Risikonya, Arif tidak bisa menikmati fasilitas publik. Dia yang memiliki pekerjaan distribusi barang khas Kanekes tidak bisa bepergian dengan menggunakan KRL. Karena itu, saat mengantarkan dagangan, dia harus naik kendaraan pribadi. Ongkosnya tentu lebih mahal. ”Kalau mau ke Cakung, saya sewa mobil.

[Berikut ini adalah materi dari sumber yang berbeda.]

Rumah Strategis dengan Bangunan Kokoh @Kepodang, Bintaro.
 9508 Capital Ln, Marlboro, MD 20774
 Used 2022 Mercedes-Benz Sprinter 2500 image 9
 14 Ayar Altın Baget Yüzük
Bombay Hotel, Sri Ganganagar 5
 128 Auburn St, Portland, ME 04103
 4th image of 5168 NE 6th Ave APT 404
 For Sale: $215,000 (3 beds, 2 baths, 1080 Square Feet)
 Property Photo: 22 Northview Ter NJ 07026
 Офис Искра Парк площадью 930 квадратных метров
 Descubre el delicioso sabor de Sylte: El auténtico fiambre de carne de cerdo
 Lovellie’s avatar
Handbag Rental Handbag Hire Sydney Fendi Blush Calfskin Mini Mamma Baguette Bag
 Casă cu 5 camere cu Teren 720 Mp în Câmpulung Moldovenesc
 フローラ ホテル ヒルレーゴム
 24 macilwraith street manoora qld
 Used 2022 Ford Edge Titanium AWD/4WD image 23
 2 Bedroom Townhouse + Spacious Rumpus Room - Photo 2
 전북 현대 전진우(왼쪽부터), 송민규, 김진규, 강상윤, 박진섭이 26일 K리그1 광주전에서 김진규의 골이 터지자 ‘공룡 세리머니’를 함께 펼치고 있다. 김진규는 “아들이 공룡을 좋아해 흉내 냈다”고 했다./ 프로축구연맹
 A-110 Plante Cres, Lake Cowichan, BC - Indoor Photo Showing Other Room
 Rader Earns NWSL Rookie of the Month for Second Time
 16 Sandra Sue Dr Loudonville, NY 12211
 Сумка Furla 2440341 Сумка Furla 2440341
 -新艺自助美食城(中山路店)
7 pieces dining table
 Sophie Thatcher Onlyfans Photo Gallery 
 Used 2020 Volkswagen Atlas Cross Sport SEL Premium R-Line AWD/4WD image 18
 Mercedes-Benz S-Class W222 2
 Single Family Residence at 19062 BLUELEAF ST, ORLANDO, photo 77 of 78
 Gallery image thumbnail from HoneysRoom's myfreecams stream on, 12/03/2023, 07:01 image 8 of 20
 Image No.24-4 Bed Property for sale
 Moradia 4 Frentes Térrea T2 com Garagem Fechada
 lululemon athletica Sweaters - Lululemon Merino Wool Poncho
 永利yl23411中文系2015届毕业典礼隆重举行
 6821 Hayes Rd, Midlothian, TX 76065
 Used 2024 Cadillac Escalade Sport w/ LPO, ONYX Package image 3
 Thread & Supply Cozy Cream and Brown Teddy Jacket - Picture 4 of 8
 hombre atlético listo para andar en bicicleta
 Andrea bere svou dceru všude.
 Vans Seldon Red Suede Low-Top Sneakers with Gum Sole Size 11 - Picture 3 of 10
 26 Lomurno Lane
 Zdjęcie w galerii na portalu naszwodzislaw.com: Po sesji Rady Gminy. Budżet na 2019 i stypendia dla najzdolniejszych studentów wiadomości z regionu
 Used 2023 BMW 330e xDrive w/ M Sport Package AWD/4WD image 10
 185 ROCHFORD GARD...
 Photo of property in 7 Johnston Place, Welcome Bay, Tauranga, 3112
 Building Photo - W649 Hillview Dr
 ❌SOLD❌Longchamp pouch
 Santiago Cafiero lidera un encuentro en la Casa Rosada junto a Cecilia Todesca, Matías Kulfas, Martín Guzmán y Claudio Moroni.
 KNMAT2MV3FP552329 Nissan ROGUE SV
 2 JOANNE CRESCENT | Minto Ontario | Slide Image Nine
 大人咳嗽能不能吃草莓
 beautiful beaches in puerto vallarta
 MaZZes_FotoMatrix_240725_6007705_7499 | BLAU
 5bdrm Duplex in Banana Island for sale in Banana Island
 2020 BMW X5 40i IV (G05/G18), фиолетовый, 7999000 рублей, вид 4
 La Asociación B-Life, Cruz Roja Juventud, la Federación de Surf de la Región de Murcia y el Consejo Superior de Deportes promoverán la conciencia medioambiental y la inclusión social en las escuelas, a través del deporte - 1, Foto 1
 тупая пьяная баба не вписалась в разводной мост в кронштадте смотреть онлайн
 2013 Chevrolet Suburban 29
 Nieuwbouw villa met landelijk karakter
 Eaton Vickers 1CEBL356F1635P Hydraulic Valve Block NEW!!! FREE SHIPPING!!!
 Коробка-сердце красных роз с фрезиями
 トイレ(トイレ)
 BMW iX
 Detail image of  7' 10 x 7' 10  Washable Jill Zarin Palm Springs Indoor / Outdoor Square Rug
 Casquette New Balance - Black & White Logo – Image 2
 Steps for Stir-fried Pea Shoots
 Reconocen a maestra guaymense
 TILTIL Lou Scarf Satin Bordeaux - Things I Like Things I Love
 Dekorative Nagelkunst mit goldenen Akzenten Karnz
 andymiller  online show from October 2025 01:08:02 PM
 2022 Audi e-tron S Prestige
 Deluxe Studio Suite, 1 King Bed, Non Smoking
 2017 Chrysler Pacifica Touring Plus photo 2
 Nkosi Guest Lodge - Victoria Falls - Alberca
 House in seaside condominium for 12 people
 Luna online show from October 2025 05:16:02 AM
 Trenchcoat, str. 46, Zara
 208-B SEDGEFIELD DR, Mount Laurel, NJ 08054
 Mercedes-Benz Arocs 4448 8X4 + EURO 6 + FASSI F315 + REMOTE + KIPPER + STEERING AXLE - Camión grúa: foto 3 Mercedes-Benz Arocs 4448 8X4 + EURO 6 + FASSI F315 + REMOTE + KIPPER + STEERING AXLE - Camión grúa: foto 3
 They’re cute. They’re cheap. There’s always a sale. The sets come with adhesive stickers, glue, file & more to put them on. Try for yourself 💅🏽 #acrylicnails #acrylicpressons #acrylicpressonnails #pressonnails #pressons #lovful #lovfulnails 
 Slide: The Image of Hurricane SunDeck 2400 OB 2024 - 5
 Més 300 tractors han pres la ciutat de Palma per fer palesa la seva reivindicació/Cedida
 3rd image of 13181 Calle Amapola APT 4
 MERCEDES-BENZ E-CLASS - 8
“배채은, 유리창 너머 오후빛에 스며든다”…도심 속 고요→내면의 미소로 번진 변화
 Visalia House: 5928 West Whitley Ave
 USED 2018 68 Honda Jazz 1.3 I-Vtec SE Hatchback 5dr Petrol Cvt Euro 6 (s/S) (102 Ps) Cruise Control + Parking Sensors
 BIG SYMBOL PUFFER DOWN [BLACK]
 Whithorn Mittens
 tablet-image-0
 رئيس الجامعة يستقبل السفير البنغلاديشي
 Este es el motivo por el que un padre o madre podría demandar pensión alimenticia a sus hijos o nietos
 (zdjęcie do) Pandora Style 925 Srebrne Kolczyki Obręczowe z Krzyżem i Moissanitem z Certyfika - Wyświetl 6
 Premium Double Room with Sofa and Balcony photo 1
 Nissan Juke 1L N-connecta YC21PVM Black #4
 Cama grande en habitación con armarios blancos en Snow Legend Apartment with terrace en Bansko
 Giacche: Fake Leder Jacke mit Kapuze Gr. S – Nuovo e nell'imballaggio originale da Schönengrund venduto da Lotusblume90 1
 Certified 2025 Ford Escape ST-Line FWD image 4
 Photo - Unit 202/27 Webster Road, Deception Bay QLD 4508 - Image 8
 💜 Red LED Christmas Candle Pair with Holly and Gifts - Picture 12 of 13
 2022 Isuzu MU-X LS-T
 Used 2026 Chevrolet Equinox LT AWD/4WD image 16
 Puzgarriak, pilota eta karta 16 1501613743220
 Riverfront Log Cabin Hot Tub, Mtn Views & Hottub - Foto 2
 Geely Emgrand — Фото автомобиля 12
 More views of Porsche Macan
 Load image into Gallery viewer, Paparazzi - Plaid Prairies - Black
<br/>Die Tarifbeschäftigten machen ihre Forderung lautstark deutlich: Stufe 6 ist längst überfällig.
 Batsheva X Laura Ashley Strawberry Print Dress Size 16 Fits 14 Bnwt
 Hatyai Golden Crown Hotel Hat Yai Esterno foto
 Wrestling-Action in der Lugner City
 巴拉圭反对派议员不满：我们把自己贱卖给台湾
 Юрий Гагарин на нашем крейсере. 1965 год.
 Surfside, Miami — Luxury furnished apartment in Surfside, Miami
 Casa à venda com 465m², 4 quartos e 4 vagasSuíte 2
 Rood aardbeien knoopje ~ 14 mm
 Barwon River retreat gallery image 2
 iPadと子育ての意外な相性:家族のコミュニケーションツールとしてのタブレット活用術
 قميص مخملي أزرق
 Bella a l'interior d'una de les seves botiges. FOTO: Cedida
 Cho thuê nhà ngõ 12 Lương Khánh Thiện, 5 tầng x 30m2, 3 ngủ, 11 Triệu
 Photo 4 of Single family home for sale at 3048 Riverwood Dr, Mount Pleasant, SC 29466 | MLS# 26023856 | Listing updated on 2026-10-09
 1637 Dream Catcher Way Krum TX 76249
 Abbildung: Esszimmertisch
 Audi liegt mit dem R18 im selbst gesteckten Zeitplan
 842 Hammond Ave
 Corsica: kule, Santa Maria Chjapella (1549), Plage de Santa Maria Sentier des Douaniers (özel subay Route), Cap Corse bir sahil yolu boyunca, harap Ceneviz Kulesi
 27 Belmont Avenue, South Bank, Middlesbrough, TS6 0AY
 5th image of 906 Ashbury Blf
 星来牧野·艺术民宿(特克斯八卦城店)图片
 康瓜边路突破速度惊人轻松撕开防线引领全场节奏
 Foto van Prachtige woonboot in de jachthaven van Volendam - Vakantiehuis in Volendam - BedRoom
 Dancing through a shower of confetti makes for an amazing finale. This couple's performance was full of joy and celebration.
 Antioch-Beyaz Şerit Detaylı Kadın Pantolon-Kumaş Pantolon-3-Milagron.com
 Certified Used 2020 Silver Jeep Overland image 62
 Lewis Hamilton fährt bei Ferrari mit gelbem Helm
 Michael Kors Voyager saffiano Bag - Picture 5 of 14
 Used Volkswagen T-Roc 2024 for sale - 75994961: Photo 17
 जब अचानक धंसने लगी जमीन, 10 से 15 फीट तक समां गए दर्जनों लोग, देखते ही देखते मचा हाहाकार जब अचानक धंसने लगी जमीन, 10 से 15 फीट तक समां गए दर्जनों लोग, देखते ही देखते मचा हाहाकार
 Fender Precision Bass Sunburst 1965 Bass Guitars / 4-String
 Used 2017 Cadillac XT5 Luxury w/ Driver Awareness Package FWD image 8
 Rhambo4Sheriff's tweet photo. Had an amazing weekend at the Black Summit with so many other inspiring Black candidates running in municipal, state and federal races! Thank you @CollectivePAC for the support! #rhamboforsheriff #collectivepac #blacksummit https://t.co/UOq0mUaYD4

Berangkat pagi, lalu pulang malam,” ceritanya.

Ayu, warga lainnya, yang berjualan makanan di Terminal Cibolegar, Luewidamar, Lebak, juga belum pernah mendapatkan vaksin Covid-19. ”Kami minum jamu saja,” ujarnya.

Meski demikian, dia memercayai adanya Covid-19. Namun, dia menambahkan, Covid-19 hanya terjadi di kota besar. Di kampungnya masih aman.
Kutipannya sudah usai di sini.